- WHAT YOU NEED TO DO
Copy exactly the lines of the data below, beginning with the line with "Group of five assorted bags on shelf" and ending with the line with "May include: A". Pictures are to be omitted.

- RECORDS FOR THE TASK
+===+
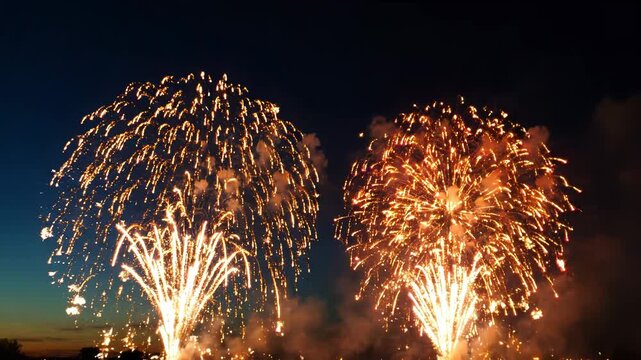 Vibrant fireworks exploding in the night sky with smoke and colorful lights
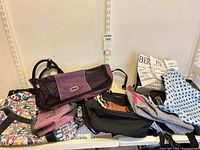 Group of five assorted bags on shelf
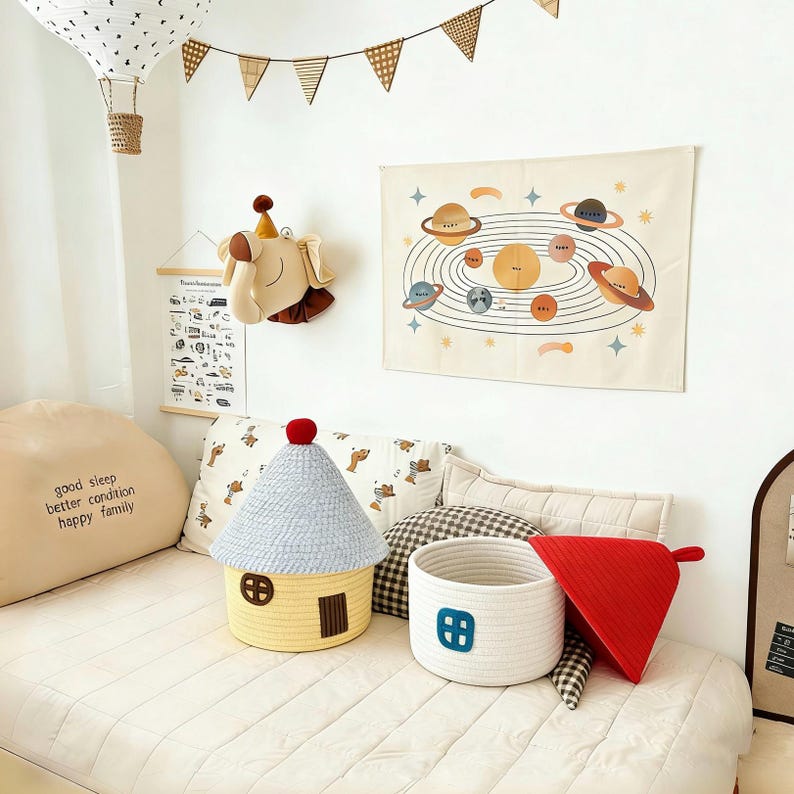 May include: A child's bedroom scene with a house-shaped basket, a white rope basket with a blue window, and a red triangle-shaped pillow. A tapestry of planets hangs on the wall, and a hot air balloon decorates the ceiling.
+===+
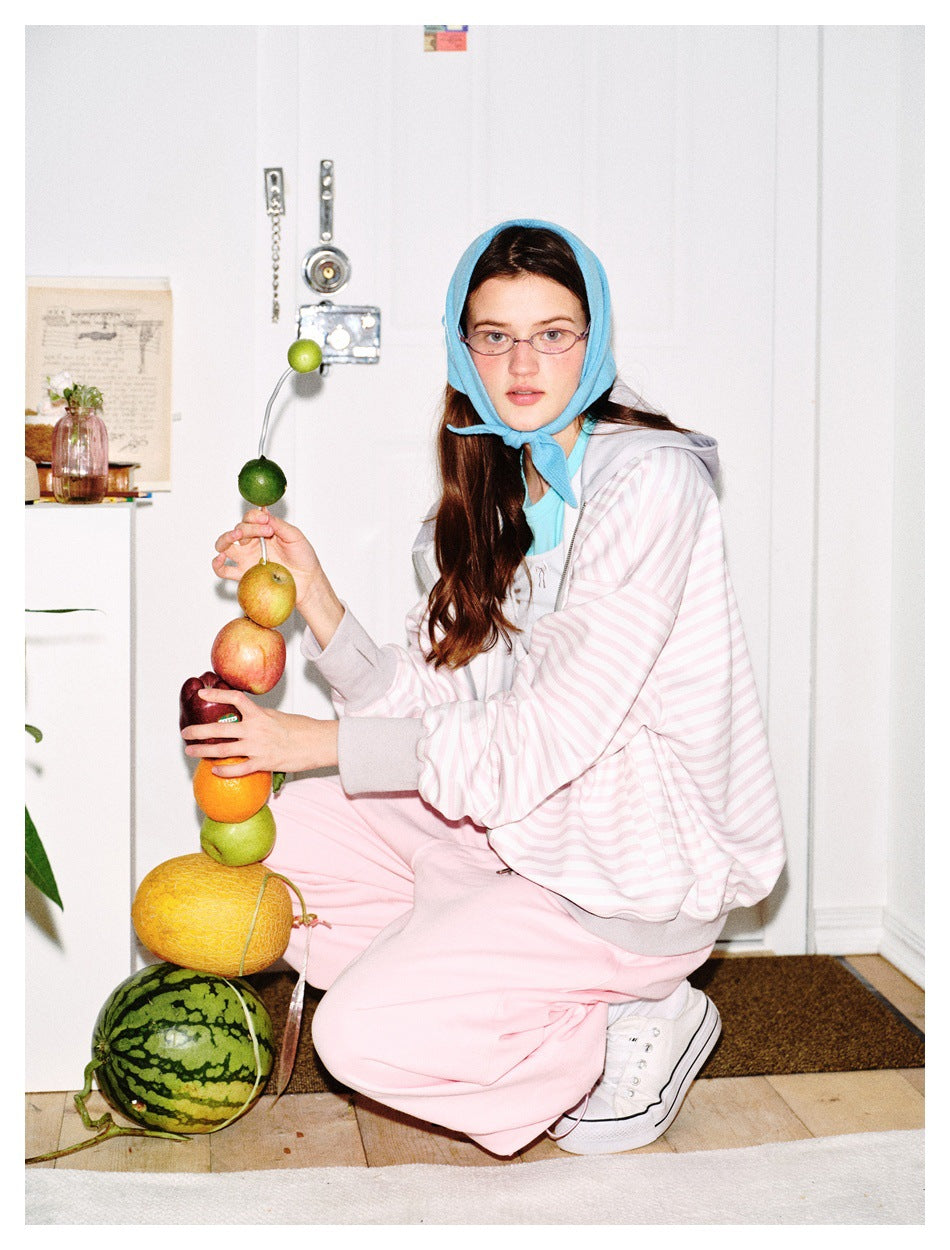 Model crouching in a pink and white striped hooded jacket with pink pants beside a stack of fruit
+===+
- EXERCISE RESULT
 Group of five assorted bags on shelf
 May include: A child's bedroom scene with a house-shaped basket, a white rope basket with a blue window, and a red triangle-shaped pillow. A tapestry of planets hangs on the wall, and a hot air balloon decorates the ceiling.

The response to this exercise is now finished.